Germany was defeated and exhausted in 1918 at the end of WWI. The equally exhausted victors imposed harsh terms on Germany. It was forced to forfeit its overseas colonial possessions, to cede land to its neighbors, and to pay reparations. As demobilized troops returned, German cities filled with unemployed, often maimed veterans. The Socialists briefly seized power and by the early 1920s hyperinflation further destabilized the nation. Neue Sachlichkeit or the New Objectivity cast a cold sharp eye on Modern Germany’s hypocrisy, aggression, and destitution even as extremists on the political right consolidated power. The National Socialists or Nazi Party won the chancellorship in 1933 and quickly used art and architecture as a means build the myth of a pure German people shaped by the land and unsullied by modern industrial culture. This tutorial looks at the ways that competing political ideologies each used art for its own purposes.
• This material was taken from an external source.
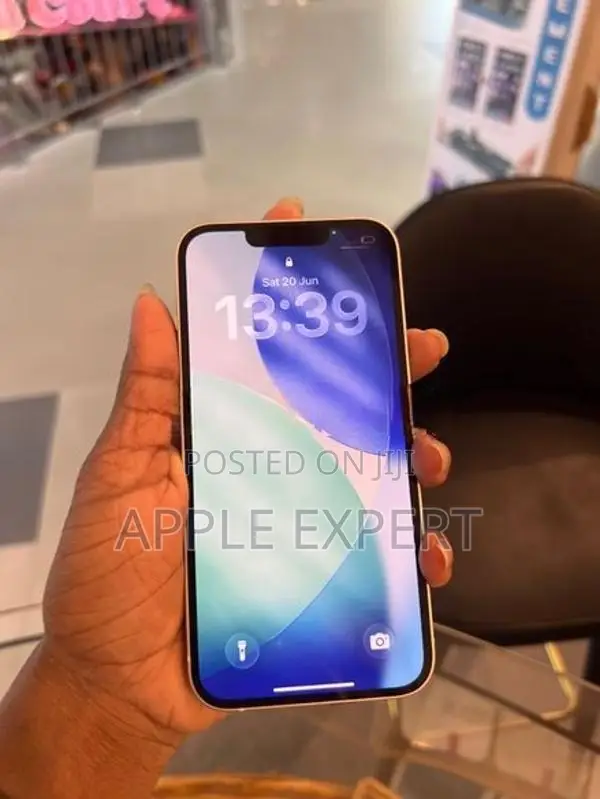 Apple iPhone 14 (Used)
International style architecture

Towers of glass and steel from the mid-20th Century suggest, for many people, the rationalization of urban space that dehumanized our cities with empty plazas, rigorous geometries and uniformity. But International style architecture was born of the utopian idea that innovative design could improve the lives millions and its forms recall the clarity and harmony of ancient Greek architecture. This tutorial treats the late work of Ludwig Mies van der Rohe, Gordon Bunshaft, and Frank Lloyd Wright.

American Modernism

Art had never been especially important in America. Before the Civil War, many of America’s best artists went to Europe and stayed. Even after the war, American artists found little enthusiasm for their work unless it was directly informed by European precedents. By the first years of the 20th Century, a small group of American artists began to paint the gritty streets of New York and were called the Ashcan School for their portrayal of life in the tenements. In 1913 however, the Armory Show exhibited advanced American and European art and helped to create a market for the work of Georgia O’Keeffe and other members of modern galleries like Alfred Steiglitz’s 291 and Peggy Guggenheim’s Art of This Century. During the Great Depression artists such as Grant Wood portrayed rural life in the south and midwest and became known as regionalists while other realists such as Edward Hopper rendered the alienation of the modern city. Meanwhile, Surrealist ideas infused a younger generation of artists’ work in Mexico and the US which would result, by the end of WWII, in the first internationally important American art movement, Abstract Expressionism.